Type out the data exactly as given. Skip any image.

[[ Given material, beginning ]]

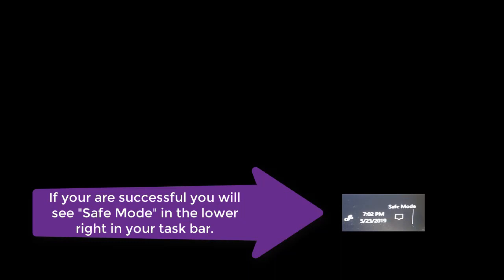If you're successful and you boot into Safe Mode, in the lower right corner of the screen right next to the time, you will see the two words Safe Mode there. So you can do anything you want to in Safe Mode.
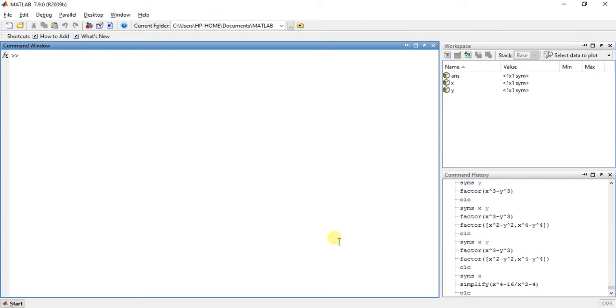Hi guys, welcome to the 13th video of calculus using MATLAB. My name is Milan Shah and today I am going to teach you the simplify function.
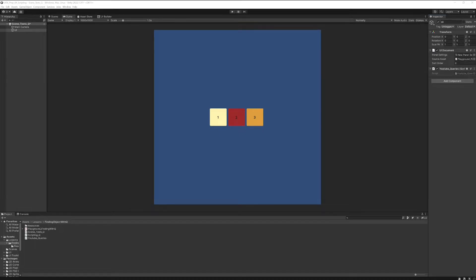Okay, welcome to the next lesson. In this lesson we are going to talk about finding elements in your scripts. So what do I mean by that?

[[ Given material, end ]]

Task output:
If you're successful and you boot into Safe Mode, in the lower right corner of the screen right next to the time, you will see the two words Safe Mode there. So you can do anything you want to in Safe Mode.
Hi guys, welcome to the 13th video of calculus using MATLAB. My name is Milan Shah and today I am going to teach you the simplify function.
Okay, welcome to the next lesson. In this lesson we are going to talk about finding elements in your scripts. So what do I mean by that?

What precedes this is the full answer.